TASK DATA:
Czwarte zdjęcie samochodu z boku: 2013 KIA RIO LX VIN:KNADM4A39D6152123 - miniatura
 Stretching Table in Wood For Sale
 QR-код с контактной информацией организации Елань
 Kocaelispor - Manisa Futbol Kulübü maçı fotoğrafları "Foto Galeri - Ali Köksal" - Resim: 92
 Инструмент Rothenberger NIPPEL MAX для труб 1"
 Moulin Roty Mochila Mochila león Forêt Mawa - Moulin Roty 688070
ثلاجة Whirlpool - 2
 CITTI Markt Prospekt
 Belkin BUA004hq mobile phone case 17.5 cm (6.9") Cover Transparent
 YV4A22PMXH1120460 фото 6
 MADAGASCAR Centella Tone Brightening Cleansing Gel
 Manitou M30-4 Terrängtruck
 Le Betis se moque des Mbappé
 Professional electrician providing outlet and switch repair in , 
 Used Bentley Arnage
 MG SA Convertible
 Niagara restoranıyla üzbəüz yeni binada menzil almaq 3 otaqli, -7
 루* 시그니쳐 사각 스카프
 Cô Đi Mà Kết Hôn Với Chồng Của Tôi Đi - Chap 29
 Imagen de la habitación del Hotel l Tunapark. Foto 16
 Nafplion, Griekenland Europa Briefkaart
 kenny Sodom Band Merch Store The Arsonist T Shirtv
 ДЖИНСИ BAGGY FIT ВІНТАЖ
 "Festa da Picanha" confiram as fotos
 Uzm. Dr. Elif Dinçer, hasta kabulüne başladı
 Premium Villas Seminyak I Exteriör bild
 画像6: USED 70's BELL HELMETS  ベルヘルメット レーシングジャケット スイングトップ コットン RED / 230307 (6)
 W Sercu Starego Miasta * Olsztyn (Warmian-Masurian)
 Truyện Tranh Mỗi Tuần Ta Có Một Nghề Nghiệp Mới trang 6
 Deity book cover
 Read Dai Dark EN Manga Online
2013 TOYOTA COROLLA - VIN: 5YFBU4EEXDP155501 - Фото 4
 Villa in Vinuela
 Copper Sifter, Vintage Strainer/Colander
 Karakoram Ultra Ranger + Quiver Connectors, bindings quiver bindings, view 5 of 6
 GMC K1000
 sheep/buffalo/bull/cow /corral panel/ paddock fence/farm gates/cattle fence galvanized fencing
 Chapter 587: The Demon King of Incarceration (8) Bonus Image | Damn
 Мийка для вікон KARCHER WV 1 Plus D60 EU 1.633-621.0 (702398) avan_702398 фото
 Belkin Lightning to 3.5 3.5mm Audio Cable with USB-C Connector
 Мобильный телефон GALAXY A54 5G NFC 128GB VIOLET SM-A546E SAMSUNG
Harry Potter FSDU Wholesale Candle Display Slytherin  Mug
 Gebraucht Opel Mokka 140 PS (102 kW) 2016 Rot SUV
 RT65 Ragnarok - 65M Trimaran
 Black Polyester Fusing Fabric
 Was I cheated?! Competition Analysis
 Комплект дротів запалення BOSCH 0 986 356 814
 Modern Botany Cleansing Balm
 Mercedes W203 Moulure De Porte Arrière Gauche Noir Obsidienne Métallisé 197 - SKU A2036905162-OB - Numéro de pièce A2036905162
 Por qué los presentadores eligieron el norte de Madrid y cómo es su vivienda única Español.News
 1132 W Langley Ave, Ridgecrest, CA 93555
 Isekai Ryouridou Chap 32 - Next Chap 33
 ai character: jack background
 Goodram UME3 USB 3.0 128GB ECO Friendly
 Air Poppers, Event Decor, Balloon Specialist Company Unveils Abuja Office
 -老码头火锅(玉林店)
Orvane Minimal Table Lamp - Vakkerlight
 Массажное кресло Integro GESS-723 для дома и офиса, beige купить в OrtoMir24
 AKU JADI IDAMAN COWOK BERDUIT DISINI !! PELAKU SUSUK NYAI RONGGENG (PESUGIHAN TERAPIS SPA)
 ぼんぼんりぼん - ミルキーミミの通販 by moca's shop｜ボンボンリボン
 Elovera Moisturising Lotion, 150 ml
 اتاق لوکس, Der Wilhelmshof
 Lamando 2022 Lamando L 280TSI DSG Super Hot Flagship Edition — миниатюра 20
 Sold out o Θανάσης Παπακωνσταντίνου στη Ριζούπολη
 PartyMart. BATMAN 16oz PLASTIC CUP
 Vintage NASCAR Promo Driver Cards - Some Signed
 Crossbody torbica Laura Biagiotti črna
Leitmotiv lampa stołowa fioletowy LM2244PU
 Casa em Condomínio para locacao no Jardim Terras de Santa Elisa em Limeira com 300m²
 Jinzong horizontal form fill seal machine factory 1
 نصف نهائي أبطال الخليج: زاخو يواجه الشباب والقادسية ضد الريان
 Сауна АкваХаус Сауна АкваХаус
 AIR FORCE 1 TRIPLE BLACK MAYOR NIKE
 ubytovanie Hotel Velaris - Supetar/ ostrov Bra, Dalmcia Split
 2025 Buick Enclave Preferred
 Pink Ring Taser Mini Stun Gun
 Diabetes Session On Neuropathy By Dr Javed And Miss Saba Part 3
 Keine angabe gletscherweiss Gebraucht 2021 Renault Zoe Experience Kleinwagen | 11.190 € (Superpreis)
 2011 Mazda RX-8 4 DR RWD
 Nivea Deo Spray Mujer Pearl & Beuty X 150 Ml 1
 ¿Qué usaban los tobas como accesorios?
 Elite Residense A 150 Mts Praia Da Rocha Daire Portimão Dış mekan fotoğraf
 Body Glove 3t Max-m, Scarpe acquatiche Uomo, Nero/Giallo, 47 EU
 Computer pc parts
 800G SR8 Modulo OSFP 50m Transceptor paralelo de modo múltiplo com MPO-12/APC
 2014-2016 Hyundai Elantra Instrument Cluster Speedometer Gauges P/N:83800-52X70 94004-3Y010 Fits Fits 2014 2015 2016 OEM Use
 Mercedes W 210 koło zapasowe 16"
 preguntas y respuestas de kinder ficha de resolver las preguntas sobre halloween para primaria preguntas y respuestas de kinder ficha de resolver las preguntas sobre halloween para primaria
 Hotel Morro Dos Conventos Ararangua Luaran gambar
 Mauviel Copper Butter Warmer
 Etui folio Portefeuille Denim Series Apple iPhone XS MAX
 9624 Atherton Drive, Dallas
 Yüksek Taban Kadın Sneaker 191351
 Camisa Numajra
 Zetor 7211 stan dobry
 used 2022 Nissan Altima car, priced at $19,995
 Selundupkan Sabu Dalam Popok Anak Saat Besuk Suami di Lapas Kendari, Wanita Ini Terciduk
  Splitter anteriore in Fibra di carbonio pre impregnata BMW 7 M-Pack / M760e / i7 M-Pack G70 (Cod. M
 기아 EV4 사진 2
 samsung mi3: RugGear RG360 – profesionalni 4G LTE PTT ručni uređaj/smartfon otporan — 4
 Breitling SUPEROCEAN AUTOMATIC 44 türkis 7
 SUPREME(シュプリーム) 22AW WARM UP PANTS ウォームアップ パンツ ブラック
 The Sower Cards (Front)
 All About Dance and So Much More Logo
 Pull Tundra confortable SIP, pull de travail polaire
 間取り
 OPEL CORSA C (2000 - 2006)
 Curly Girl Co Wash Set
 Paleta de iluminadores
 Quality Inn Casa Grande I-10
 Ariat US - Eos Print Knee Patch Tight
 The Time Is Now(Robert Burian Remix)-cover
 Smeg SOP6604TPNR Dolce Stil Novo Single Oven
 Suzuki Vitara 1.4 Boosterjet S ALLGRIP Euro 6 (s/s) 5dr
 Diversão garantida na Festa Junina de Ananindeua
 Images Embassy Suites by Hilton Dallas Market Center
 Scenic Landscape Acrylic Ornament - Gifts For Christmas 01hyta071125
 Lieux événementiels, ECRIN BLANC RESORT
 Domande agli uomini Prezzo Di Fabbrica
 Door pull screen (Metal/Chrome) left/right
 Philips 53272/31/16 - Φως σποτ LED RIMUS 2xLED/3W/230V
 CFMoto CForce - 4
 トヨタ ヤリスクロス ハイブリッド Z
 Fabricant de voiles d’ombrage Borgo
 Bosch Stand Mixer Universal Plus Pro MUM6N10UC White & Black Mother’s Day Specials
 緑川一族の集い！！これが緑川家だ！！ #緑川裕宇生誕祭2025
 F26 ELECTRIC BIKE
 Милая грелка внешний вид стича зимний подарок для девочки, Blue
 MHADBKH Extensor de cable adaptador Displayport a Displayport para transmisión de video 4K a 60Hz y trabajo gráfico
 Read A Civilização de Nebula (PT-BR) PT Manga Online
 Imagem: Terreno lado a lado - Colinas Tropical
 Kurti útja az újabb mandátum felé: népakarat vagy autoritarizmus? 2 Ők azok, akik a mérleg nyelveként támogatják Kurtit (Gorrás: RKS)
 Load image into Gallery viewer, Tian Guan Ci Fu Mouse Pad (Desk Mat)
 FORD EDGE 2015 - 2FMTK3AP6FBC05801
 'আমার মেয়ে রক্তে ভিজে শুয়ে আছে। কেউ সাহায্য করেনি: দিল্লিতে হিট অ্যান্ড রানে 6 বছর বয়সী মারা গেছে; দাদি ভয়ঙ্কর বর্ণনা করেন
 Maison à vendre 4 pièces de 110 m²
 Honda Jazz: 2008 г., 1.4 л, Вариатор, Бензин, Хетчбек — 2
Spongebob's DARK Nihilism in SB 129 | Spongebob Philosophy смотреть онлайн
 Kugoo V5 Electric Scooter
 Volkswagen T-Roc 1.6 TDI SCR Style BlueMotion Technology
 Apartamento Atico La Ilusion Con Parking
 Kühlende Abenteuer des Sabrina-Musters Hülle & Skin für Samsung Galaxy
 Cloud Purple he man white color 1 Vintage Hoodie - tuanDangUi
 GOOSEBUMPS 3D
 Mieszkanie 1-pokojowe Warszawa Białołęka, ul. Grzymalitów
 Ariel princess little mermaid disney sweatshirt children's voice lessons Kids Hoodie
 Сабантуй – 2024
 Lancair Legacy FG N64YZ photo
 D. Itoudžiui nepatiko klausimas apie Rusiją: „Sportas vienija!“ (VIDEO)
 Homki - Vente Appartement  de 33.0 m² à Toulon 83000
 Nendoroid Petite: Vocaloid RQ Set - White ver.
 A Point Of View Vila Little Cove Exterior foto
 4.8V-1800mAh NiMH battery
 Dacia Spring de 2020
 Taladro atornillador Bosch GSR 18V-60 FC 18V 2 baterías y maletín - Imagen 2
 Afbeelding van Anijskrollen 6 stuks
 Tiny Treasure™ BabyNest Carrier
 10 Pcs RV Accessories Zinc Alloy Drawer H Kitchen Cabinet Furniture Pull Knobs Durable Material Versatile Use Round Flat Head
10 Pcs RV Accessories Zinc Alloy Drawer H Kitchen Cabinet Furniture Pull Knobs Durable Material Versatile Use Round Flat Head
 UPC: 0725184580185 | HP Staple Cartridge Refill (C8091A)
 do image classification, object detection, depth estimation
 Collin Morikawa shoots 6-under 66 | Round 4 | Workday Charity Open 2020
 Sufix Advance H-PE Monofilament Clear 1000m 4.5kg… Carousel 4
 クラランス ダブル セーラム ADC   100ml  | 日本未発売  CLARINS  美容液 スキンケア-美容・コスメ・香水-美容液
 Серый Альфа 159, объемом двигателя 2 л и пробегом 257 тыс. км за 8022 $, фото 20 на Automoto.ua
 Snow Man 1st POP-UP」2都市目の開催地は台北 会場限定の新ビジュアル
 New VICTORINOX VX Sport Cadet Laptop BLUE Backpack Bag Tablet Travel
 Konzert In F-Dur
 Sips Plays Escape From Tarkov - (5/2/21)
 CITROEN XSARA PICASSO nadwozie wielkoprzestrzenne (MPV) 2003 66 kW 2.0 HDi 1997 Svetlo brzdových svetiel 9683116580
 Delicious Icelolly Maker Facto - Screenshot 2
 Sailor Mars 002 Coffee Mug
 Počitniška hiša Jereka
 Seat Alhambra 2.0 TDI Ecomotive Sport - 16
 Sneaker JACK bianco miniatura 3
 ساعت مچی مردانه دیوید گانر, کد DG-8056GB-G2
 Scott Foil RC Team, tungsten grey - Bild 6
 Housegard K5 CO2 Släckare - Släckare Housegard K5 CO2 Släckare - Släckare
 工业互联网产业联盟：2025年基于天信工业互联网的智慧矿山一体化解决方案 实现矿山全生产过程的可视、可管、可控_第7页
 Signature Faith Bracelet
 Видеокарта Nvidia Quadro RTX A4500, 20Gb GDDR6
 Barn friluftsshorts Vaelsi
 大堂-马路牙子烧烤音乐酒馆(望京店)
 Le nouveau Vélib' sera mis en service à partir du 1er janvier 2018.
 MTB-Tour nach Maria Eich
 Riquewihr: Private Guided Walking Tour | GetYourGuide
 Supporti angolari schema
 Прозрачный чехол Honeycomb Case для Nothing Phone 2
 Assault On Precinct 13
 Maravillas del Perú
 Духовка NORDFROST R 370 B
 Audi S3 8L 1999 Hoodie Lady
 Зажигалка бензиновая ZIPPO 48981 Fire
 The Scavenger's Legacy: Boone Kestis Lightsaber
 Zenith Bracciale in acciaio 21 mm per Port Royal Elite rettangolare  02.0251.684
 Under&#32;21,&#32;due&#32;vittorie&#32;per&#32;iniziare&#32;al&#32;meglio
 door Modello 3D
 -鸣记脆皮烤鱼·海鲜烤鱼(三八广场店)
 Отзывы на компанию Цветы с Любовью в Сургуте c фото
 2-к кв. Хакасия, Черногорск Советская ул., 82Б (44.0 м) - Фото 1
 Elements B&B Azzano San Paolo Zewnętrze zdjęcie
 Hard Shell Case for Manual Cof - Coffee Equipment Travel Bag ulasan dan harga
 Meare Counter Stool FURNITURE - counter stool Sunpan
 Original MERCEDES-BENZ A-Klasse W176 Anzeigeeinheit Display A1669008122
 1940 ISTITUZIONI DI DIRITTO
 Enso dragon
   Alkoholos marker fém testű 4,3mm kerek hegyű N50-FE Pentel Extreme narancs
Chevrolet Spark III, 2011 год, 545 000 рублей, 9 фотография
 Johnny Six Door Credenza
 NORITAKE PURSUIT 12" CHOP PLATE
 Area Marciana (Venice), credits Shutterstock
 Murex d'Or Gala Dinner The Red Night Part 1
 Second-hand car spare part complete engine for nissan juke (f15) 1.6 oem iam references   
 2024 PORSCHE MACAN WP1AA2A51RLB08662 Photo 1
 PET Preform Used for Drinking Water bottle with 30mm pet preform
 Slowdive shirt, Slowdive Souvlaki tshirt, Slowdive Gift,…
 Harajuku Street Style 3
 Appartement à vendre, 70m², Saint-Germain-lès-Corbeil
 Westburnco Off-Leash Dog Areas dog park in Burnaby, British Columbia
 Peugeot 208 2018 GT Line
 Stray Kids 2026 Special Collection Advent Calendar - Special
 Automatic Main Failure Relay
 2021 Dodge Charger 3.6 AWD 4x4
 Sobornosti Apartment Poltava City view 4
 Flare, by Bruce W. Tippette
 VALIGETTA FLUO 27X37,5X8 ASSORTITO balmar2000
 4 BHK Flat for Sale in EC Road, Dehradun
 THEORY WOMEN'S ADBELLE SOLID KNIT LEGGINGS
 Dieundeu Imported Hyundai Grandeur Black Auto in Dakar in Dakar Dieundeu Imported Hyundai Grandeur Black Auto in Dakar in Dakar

PROBLEM REQUIREMENTS:
Reproduce the entries above exactly, but only the lines between the line holding "Sufix Advance H-PE" and the line holding "Delicious Icelolly Maker", inclusive.

RESPONSE TO THIS TASK:
 Sufix Advance H-PE Monofilament Clear 1000m 4.5kg… Carousel 4
 クラランス ダブル セーラム ADC   100ml  | 日本未発売  CLARINS  美容液 スキンケア-美容・コスメ・香水-美容液
 Серый Альфа 159, объемом двигателя 2 л и пробегом 257 тыс. км за 8022 $, фото 20 на Automoto.ua
 Snow Man 1st POP-UP」2都市目の開催地は台北 会場限定の新ビジュアル
 New VICTORINOX VX Sport Cadet Laptop BLUE Backpack Bag Tablet Travel
 Konzert In F-Dur
 Sips Plays Escape From Tarkov - (5/2/21)
 CITROEN XSARA PICASSO nadwozie wielkoprzestrzenne (MPV) 2003 66 kW 2.0 HDi 1997 Svetlo brzdových svetiel 9683116580
 Delicious Icelolly Maker Facto - Screenshot 2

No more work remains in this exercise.